Mis vecinos, hace una generación, limpiaron la parte inferior del cerro, matando las moras, y allí construyeron sus casas. Y ahora, con el crecimiento de la población, aún ese terreno inútil adquiere valor. Los dueños de mi casa están limpiando ese cerro, pensando construir allí una casa y un jardín.

Una tarde asoleada, fuí a explorar el sitio. Casi todas las cañas de mora se han extirpado; ahora el lodo está cubierto de ranúnculos y zanahoria silvestre. Y el cerro sigue mojado, empapado; el lodo fluye lentamente cerro abajo y es capaz de comer zapatos.

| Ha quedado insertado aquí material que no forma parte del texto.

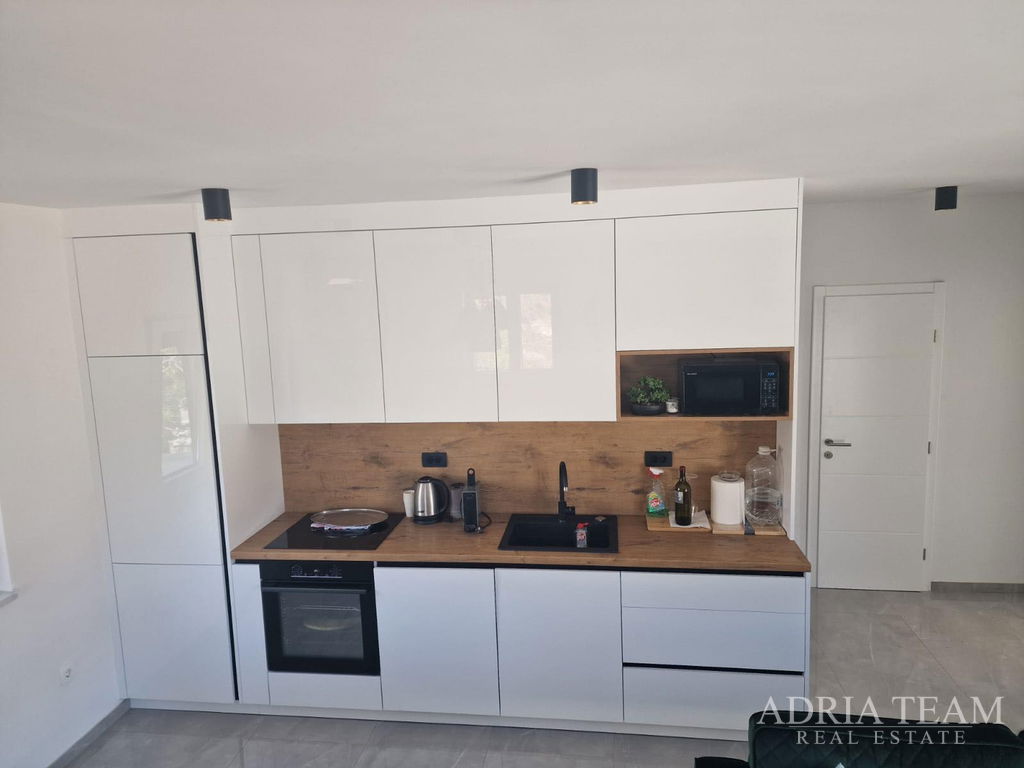 VILA S BAZÉNEM, KLIDNÁ A TICHÁ POZICE - VIR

En una esquina donde el lodo casi se convierte en riachuelo, encontré estas flores. Son Verónica acuática (o becabunga), una planta pequeña que se arrastra por sitios donde hay lodo mojado, en el borde de riachuelos, en terrenos maltratados. Raras veces la encentro porque acostumbra crecer donde se me hace difícil caminar. Para sacar estas fotos, me tuve que balancear precariamente sobre el lodo, con los zapatos ya medio tragados.

Se dice que la planta se puede comer, pero también nos advierten que no hay que comerla si está creciendo en aguas contaminadas.